Niger : Orano menace de poursuites judiciaires autour de l’uranium exproprié

Le groupe français Orano a annoncé, le 21 janvier, qu’il poursuivra ses actions judiciaires contre l’État du Niger, mais aussi contre toute entité qui tenterait de s’emparer de son uranium. L’entreprise affirme être illégalement dépossédée d’un stock d’au moins 1 000 tonnes de concentré d’uranium, extrait de la mine de Somaïr, située à Arlit, dans le nord du pays.

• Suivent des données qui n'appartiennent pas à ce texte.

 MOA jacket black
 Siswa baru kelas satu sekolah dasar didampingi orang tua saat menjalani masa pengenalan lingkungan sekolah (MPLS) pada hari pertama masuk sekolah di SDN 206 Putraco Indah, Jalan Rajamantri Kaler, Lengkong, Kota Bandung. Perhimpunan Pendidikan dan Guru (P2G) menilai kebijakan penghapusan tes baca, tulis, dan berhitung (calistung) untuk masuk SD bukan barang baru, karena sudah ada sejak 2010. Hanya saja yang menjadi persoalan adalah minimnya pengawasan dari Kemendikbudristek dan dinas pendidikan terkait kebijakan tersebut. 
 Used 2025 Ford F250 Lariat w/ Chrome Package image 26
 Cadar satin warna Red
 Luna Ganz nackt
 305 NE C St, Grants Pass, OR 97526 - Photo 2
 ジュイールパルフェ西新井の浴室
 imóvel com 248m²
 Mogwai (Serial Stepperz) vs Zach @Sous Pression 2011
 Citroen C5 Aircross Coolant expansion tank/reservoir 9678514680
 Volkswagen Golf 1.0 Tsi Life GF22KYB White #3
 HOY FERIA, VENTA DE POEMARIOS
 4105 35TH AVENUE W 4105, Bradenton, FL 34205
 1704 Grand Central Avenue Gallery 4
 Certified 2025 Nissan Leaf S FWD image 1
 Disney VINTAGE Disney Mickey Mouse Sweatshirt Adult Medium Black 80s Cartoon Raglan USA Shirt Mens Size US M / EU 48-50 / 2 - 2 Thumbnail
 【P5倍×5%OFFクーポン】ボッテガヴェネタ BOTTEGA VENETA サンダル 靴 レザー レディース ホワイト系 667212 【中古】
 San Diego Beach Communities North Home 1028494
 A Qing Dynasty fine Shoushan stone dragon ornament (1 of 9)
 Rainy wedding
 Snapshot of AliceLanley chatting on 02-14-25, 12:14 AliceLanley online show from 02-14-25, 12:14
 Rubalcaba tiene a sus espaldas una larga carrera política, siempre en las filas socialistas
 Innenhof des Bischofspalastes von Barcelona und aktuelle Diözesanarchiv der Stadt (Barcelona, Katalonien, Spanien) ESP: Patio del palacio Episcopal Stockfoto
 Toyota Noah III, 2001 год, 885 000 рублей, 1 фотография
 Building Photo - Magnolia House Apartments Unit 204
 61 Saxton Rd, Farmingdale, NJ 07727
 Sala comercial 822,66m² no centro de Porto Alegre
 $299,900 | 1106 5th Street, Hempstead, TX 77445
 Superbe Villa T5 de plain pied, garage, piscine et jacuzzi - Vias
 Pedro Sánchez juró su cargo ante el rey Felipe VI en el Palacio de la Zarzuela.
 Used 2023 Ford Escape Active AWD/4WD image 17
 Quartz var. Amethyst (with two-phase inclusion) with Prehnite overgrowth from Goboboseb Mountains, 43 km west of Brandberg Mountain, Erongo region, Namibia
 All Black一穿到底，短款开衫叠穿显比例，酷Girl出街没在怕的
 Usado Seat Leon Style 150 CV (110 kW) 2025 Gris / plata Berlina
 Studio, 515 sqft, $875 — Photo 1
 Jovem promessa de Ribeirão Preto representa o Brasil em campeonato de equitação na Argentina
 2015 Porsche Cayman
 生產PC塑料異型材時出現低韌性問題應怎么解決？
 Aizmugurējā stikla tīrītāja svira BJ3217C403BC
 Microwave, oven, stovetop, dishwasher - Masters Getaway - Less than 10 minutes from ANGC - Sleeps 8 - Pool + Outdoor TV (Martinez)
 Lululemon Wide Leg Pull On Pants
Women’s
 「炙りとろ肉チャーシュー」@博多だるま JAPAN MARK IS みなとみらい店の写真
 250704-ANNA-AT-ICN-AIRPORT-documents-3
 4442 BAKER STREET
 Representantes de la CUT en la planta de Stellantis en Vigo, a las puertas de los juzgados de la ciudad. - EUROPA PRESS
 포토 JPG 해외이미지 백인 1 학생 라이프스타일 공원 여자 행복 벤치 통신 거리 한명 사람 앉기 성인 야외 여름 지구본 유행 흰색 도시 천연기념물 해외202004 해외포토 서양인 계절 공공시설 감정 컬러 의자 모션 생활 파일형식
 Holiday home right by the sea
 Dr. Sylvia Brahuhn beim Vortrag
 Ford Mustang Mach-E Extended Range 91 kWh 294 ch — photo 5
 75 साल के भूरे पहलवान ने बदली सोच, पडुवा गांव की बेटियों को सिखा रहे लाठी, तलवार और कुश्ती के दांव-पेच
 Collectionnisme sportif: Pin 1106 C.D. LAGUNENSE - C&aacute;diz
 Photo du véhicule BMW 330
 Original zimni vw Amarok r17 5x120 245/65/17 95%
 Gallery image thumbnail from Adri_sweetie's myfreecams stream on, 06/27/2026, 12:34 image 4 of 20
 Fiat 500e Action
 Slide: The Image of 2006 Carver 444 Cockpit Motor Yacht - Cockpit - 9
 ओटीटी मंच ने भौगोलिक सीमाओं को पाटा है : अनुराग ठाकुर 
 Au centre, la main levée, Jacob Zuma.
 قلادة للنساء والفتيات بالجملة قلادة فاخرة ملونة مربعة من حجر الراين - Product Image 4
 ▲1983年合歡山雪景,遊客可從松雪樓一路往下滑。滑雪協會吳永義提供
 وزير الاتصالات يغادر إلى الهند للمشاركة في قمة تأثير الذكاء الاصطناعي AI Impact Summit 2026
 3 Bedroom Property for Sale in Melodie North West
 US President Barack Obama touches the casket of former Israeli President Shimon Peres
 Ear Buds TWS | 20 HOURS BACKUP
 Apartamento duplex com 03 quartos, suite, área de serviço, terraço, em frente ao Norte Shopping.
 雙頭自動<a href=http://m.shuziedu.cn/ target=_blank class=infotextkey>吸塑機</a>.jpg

Selon Orano, une partie de ce stock a été transférée fin 2025 d’Arlit vers l’aéroport de Niamey, où il est bloqué depuis plusieurs semaines. Le groupe indique ne plus avoir accès au site et ne pas disposer d’informations directes sur la destination finale du chargement.

La mine de Somaïr était détenue à 63,4 % par Orano et à 36,6 % par l’État nigérien avant sa nationalisation forcée en juin 2025 par la junte militaire au pouvoir depuis 2023. En novembre, Niamey avait annoncé son intention de vendre l’uranium sur le marché international, dans le cadre de sa politique de souveraineté minière.

Orano a engagé quatre procédures d’arbitrage international. L’une d’elles a déjà abouti à une décision interdisant aux autorités nigériennes de toucher aux stocks concernés. Le groupe estime la valeur marchande de cet uranium à environ 300 millions d’euros.

Cette affaire s’inscrit dans un contexte de tensions diplomatiques entre le Niger et la France, sur fond de rapprochement croissant de Niamey avec la Russie.